Problem to solve
An exact copy of every record is needed.

Entries provided
========================
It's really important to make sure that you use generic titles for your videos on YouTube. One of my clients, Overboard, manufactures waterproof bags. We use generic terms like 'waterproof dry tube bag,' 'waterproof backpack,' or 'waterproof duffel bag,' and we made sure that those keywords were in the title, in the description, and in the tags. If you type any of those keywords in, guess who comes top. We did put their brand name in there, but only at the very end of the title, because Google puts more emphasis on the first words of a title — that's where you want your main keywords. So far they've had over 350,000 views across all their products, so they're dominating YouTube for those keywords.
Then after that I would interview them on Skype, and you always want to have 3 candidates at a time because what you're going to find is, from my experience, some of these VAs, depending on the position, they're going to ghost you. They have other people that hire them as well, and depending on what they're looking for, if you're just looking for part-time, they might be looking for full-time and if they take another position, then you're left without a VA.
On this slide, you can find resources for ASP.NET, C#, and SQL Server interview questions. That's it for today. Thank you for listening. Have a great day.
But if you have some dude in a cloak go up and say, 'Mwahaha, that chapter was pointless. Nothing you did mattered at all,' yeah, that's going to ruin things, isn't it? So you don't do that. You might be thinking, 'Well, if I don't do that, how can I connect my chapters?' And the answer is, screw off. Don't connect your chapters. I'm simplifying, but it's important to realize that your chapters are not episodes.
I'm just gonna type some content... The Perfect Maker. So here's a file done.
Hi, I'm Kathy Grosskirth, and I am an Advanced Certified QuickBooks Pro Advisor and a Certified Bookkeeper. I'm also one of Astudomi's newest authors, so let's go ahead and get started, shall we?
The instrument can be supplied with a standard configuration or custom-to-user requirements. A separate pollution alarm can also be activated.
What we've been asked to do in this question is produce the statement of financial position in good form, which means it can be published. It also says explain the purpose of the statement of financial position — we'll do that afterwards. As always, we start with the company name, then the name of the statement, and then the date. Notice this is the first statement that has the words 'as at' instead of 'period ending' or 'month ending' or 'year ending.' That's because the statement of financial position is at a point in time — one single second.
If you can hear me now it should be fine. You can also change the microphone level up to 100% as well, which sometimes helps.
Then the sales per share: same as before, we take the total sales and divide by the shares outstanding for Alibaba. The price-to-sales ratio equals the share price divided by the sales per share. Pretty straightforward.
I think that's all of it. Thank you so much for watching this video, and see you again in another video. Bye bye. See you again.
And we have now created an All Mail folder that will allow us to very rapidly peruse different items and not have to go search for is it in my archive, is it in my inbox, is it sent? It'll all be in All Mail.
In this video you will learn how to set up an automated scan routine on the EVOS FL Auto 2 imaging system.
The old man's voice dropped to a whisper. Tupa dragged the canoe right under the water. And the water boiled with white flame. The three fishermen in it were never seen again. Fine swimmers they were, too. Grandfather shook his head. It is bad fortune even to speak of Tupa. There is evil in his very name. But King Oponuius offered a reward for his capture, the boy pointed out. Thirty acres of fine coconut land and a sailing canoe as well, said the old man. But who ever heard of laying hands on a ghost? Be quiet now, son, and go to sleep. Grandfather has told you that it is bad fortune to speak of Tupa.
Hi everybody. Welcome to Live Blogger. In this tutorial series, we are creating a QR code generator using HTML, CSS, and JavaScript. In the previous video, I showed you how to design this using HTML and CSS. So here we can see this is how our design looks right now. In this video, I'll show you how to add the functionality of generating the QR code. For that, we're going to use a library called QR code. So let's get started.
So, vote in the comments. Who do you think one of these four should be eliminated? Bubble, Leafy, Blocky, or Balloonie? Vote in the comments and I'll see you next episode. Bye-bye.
========================
Output for this exercise
It's really important to make sure that you use generic titles for your videos on YouTube. One of my clients, Overboard, manufactures waterproof bags. We use generic terms like 'waterproof dry tube bag,' 'waterproof backpack,' or 'waterproof duffel bag,' and we made sure that those keywords were in the title, in the description, and in the tags. If you type any of those keywords in, guess who comes top. We did put their brand name in there, but only at the very end of the title, because Google puts more emphasis on the first words of a title — that's where you want your main keywords. So far they've had over 350,000 views across all their products, so they're dominating YouTube for those keywords.
Then after that I would interview them on Skype, and you always want to have 3 candidates at a time because what you're going to find is, from my experience, some of these VAs, depending on the position, they're going to ghost you. They have other people that hire them as well, and depending on what they're looking for, if you're just looking for part-time, they might be looking for full-time and if they take another position, then you're left without a VA.
On this slide, you can find resources for ASP.NET, C#, and SQL Server interview questions. That's it for today. Thank you for listening. Have a great day.
But if you have some dude in a cloak go up and say, 'Mwahaha, that chapter was pointless. Nothing you did mattered at all,' yeah, that's going to ruin things, isn't it? So you don't do that. You might be thinking, 'Well, if I don't do that, how can I connect my chapters?' And the answer is, screw off. Don't connect your chapters. I'm simplifying, but it's important to realize that your chapters are not episodes.
I'm just gonna type some content... The Perfect Maker. So here's a file done.
Hi, I'm Kathy Grosskirth, and I am an Advanced Certified QuickBooks Pro Advisor and a Certified Bookkeeper. I'm also one of Astudomi's newest authors, so let's go ahead and get started, shall we?
The instrument can be supplied with a standard configuration or custom-to-user requirements. A separate pollution alarm can also be activated.
What we've been asked to do in this question is produce the statement of financial position in good form, which means it can be published. It also says explain the purpose of the statement of financial position — we'll do that afterwards. As always, we start with the company name, then the name of the statement, and then the date. Notice this is the first statement that has the words 'as at' instead of 'period ending' or 'month ending' or 'year ending.' That's because the statement of financial position is at a point in time — one single second.
If you can hear me now it should be fine. You can also change the microphone level up to 100% as well, which sometimes helps.
Then the sales per share: same as before, we take the total sales and divide by the shares outstanding for Alibaba. The price-to-sales ratio equals the share price divided by the sales per share. Pretty straightforward.
I think that's all of it. Thank you so much for watching this video, and see you again in another video. Bye bye. See you again.
And we have now created an All Mail folder that will allow us to very rapidly peruse different items and not have to go search for is it in my archive, is it in my inbox, is it sent? It'll all be in All Mail.
In this video you will learn how to set up an automated scan routine on the EVOS FL Auto 2 imaging system.
The old man's voice dropped to a whisper. Tupa dragged the canoe right under the water. And the water boiled with white flame. The three fishermen in it were never seen again. Fine swimmers they were, too. Grandfather shook his head. It is bad fortune even to speak of Tupa. There is evil in his very name. But King Oponuius offered a reward for his capture, the boy pointed out. Thirty acres of fine coconut land and a sailing canoe as well, said the old man. But who ever heard of laying hands on a ghost? Be quiet now, son, and go to sleep. Grandfather has told you that it is bad fortune to speak of Tupa.
Hi everybody. Welcome to Live Blogger. In this tutorial series, we are creating a QR code generator using HTML, CSS, and JavaScript. In the previous video, I showed you how to design this using HTML and CSS. So here we can see this is how our design looks right now. In this video, I'll show you how to add the functionality of generating the QR code. For that, we're going to use a library called QR code. So let's get started.
So, vote in the comments. Who do you think one of these four should be eliminated? Bubble, Leafy, Blocky, or Balloonie? Vote in the comments and I'll see you next episode. Bye-bye.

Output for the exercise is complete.